Henry James always stood, if ever a man did, for civilisation; for that ordered life in which it is possible to tolerate and to understand. His whole world is made out of sympathy; out of a whole network of sympathies. It is a world of wireless telegraphy for the soul; of a psychological brotherhood of men of which the communications could not be cut. Sometimes this sympathy is almost more terrible than antipathy; and his very delicacies produce a sort of promiscuity of minds. Silence becomes a rending revelation. Short spaces or short speeches become overweighted with the awful worth of human life. Minute unto minute uttereth speech, and instant unto instant showeth knowledge. It is only when we have realised how perfect is the poise of such great human art that we can also realise its peril, and know that any outer thing which cannot make it must of necessity destroy it.

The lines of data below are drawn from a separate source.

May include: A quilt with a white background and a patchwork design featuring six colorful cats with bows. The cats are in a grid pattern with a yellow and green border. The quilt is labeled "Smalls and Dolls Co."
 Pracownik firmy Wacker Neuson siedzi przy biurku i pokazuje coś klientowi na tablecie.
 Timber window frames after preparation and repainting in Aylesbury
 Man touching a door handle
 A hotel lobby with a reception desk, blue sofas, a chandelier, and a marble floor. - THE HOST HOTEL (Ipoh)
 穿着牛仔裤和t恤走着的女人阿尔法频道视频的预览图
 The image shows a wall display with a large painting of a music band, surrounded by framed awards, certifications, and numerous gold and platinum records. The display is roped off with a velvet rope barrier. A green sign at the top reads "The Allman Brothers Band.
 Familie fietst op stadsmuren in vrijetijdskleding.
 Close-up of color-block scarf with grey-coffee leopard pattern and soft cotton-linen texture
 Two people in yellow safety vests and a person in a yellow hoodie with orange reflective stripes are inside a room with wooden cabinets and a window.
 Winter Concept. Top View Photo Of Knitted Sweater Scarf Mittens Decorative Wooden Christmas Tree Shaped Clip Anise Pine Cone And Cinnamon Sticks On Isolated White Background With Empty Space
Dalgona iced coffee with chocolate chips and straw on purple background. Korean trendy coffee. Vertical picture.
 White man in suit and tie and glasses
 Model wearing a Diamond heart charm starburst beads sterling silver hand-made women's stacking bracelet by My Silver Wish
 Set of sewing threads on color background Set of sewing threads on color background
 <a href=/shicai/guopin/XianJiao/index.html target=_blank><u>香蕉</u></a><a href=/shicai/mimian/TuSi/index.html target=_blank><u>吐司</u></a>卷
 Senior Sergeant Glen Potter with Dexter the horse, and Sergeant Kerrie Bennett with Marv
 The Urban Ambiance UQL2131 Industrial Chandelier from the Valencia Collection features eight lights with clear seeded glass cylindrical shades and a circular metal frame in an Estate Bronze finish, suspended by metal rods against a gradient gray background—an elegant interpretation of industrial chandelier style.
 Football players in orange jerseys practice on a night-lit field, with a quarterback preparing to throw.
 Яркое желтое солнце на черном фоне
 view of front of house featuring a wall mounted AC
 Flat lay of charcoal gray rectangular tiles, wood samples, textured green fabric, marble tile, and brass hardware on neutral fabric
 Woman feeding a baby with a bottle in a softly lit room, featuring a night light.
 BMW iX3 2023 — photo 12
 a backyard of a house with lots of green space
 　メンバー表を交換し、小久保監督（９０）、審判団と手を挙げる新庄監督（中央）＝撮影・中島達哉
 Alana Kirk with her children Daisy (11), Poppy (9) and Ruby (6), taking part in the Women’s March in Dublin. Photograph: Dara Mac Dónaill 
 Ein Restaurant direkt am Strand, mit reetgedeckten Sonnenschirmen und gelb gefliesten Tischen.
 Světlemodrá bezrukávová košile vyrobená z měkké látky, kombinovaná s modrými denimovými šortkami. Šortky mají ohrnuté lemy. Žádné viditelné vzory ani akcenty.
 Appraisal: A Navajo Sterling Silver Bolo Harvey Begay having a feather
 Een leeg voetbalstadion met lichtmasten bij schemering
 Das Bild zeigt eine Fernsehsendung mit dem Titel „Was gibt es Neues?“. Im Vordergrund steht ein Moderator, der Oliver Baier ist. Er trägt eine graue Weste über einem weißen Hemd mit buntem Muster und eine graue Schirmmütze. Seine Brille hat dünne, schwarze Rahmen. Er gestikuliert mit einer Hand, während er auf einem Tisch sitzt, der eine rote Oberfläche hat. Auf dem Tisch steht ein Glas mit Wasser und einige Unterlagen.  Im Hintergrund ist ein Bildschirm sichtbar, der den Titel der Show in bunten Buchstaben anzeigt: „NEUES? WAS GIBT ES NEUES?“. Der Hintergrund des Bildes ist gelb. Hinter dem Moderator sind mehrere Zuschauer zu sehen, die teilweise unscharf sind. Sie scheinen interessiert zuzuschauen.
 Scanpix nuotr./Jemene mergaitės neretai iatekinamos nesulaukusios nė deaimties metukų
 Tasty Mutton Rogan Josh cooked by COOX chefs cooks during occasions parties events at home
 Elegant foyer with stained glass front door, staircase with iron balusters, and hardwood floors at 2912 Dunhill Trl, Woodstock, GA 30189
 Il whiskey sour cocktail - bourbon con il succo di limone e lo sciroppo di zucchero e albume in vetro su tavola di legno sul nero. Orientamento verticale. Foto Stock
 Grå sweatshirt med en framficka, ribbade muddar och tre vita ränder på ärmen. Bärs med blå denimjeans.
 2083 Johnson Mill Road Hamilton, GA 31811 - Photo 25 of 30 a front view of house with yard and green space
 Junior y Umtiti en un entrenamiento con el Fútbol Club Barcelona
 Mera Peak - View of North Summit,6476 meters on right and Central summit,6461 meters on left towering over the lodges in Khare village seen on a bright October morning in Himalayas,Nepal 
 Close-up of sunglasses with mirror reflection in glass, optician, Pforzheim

It has been customary to talk of Henry James's American origin as something almost antagonistic to the grace and rarity of his art. I am far from sure that this is not to miss a fine and serious strain in it. There is an element of idealism in the American tradition, which is very well typified in the sincere and sometimes exaggerated external deference to women. This particular sort of purity in the perceptions, very marked in him, he had originally owed, I think, to something other than the more mellow and matured European life in which he came afterwards to take his deepest pleasures. The older civilisation gave him the wonderful things he wanted; but the wonder was his own. His attitude in private life remains for anyone who has seen it as something infinitely higher than politeness; an attitude towards things, and something that can only be called an impersonal reverence. Despite all their modernism, some of his love stories have a dignity that might be dressed in the clothes of an antique time. They should have moved upon high-terraced lawns among great and gentle ladies, and their squires who were something more than gentlemen. As Mr. Yeats says somewhere:
There have been lovers whose thought love should be So much compounded of high courtesy, That they would sigh and quote with learned looks Precedents out of beautiful old books.
The books of Henry James will always be beautiful; and I believe they are young enough to be old.